Of all, the rye cracker breads were my favourite. The wholemeal and white loaf was a bit too sour for my palate. Then again, I'd never even tried sourdough before attending the class and I think it is a bit of an acquired taste.
The starter that Rosie (above) uses is a gloop of fermented rye flour and water. I believe it dates back to 1857 ! She is having it lab tested at the moment to try and trace back more details of time and place it first began. The results will be interesting....
Victoria, weighing out 50g balls of rye dough to make large crackers
A small amount of the starter is used and needs fed prior to baking with more flour and water and is then left for about 12 hours to get bubbly and gassy. I've actually been doing some considerable playing with mine over the past week... feeding twice daily with wholemeal flour, water and a teaspoon of lemon juice. The lemon is because we are in a very hard water area, so the lemon reduces the ph and helps get my starter more active.
I've found that by feeding it with double the amount of wholemeal flour and water, letting it mature then discarding all but 1/4 of a cup and feeding again just prior to use, makes for a less sour taste.
I've been eating a lot of soup at the moment as an evening meal. A pot tends to go a long way as my husband is not that fussed on soup - so it can be the same soup for 5 days in a row if I make a big batch. This is rarely a problem with a good pea and ham soup as it's so delicious I never get bored with it !

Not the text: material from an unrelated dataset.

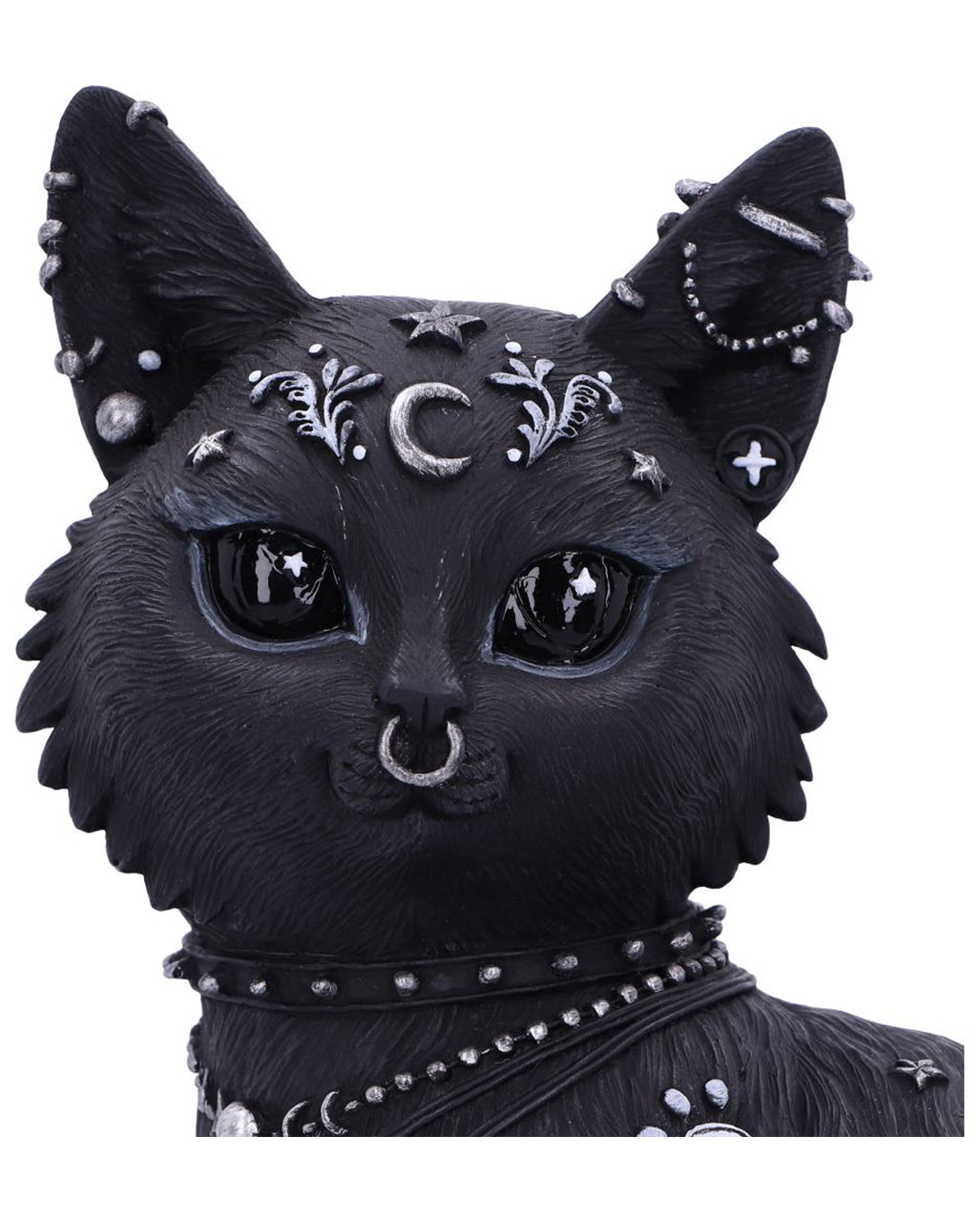 Nine Lives Kult Cutie Dekofigur 22cm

I make this in an electric pressure cooker as it's so quick and minimal fuss. You can obviously make it in a pot on the hob - or even in a slow cooker if you want to - and just adjust the cooking times.
1 smoked ham hock
1 large onion (peeled and quartered)
2 or 3 bay leaves
2 sticks of celery
5 vegetable stock cubes
500g dried, split green peas
Rinse the dried green peas thoroughly and then soak overnight in some cold water.
Put the smoked ham hock in a pressure cooker with the bay leaves, celery and onion. Cover with water and bring to pressure for approx 35mins. Alternatively, simmer in a pot with a tight fitting lid (or put in a slow cooker) until the meat is soft and falling apart.
Remove the ham hock from the water (now ham stock). Strip off and discard the skin and fat. Separate off the meat and set aside.
Put the soaked peas into the pressure cooker with the vegetable stock cubes and ham stock with onions and celery. Top up with water until you have a total of approx 3 litres.
Bring back to pressure for approx 15 mins (or cook until the peas are literally mush). Blitz with a hand blender and serve with some of the shredded ham hock meat on top. I additionally had one of the rye crackers we made at class alongside this. Very filling and yummy !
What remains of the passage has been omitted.